I hate to start a show review in such a cheesy way, but as recently as four years ago, the singer from Phantom Planet was going down on Franco-Manitoban Oscar winning actess Brie Larson. Or, maybe he wasn't. The engagement was called off. That seeemed to follow the same relationship trajectory as his musical and sexy haired contemporary one Benjamin Gibbard and his French/Quaker bride who was in the movie Elf.
However, unlike Benjamin, guy from Phantom Planet has not gone on to sell out multile nights at MPP and Anthem. He's not playing a show that is part of an amazing history making multiple night residency like his contemporaries Hamilton Lighthouse (9:30 Club) and the Vaping Dude from the National (Anthem) were on the very same night. (Side note: The National really shold have played the Francis Scott Key classic at the Anthem, but I don't want to rehash that show here.) He's playing one night at a small DC club most famous for shit flying out of their window. Furthermore, his loyal bass player now has a paying job as bass player for the Maroon 5, and even recently appeared with them on the Voice. Or so they told us at the show. And his unloyal drummer Jason Schwarznegger (the only reason to see the band, in my show absentee wife's humble estimation) left the band to pursue a part time acting career and full time career as son of the Terminator.
So Phantom Planet guy has every right to be jealous, and petty, and to just phone it in on a humpday at DC9. And does he? Hell to the mf-ing no. Bruv owned that stage. He sang his mf-ing heart out. He didn't play Anthem, but he sure did sing it.
https://www.youtube.com/watch?v=3idzKA0P8Cw. Bruv was so inspired, he even broke into a RATM cover at one point, and hell they're in the Rock and Roll Hall of Fame. Bruv was hungry. Not for something cheesy, but for some mf-ing rock and roll glory. Though the crowd ate it up like a package of Kraft singles. No brie necessary.
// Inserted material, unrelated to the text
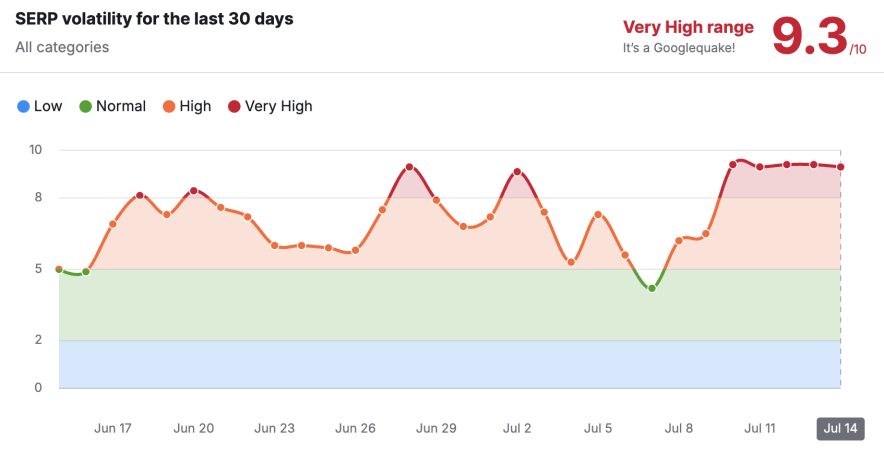 june 14 2025 serp volatility shown by semrus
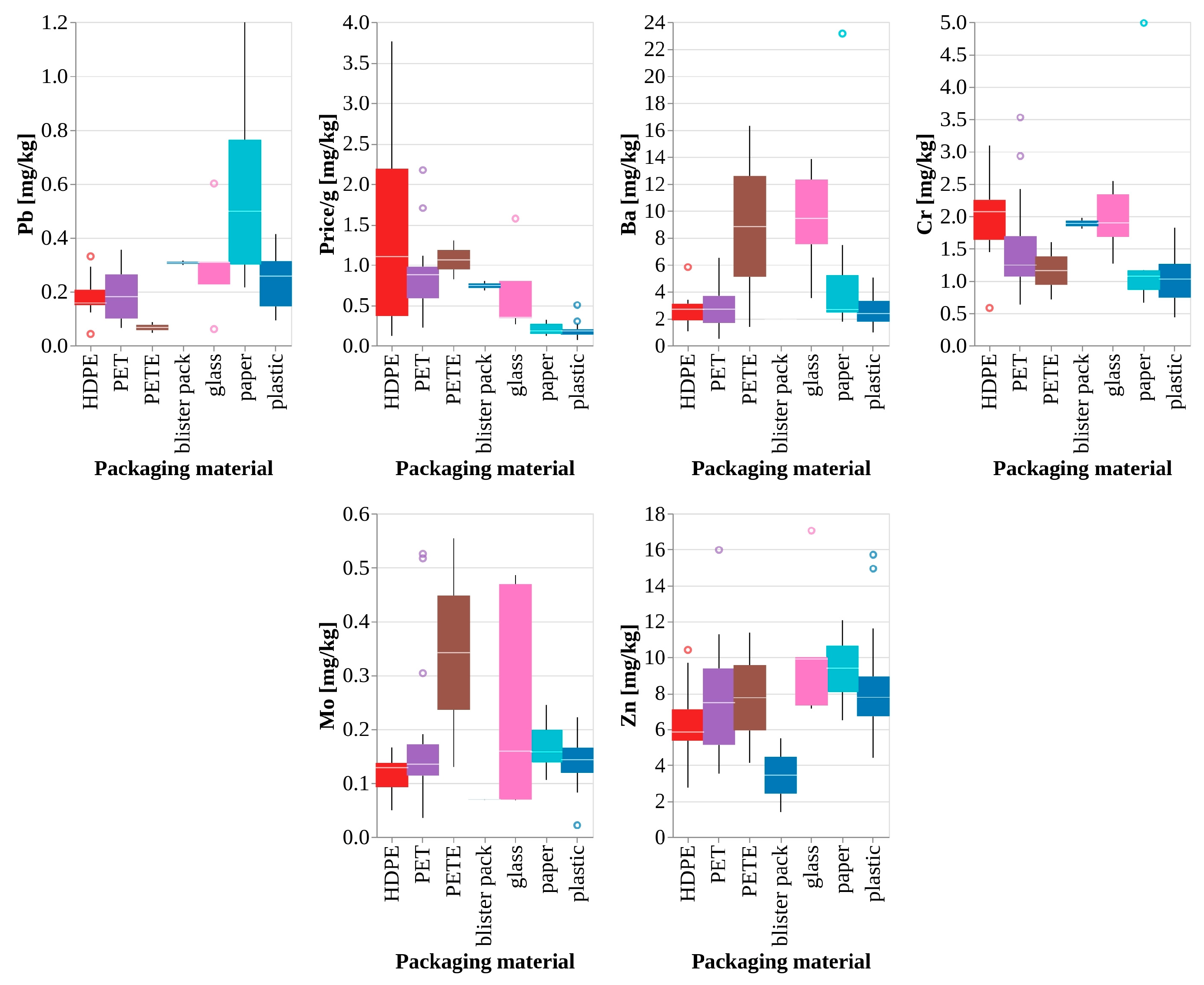 Applsci 15 02658 g005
I bow to you, singer guy from Phantom Planet.
And skeaping of the crowd, there was really no way to politely make my way to the front of the crowd, so I planted my feet firmly at about the same spot the Yada saw me at the last time I was at DC9. And instead of worming my way through the crowd, I made friends with my neighbors. First, I met the bald, short guy in front of me, with his taller female companion. The openers Range Life were rockers from Jersey (with the name it sounds like they should be from Texas), and bald short guy was telling companion how his ma went to high school with Bongiovi and Bongiovi asked his ma out and his ma turned him down. And then he instead asked out Dorothea and the rest is history. Sure, that's the yarn she spins for her sensitive, short, bald son's ears. But it's not the one that she spins at the Metuchin Senior Center when she's pasta dining with Carmella and Adriana. Oh hell to the mf-ing no. The girls get the whole story of the glory of Italian pubes in the 70's. To my right was Rick Rubin, wearing a Faith No More t-shirt, no less. Or at least I was convinced it was him when I snapped his photo with my handy dandy Space phone. I'm not going to post the photo here, but by the look on his face, Richard has had it with the paparazzi. I'm just glad he didn't Sean Penn me. By the way, it looks like he has returned to his vegan lifestyle. Or else he's carrying a little Richard. It's possible in these woke days, it really is. And skeaping of wrasslin, behind me, I felt one or two of my neighbors repeatedly slamming into me. I turned around to tell them that I'm from Virginia, and Virginia is for lovers when I saw that they were two p.m's (you can't spell it out in this post Lizzo/Dinklage Rick Rubin having a baby woke world we're living in) in a wrasslin match. Figuring they must have been fighting over yours truly, I intervened and told them that back in Virginia, known for it's lovers, I had plenty of dinner leftovers and that they were both welcome to join me and my beloved family. That settled them down. Until they played the RATM song.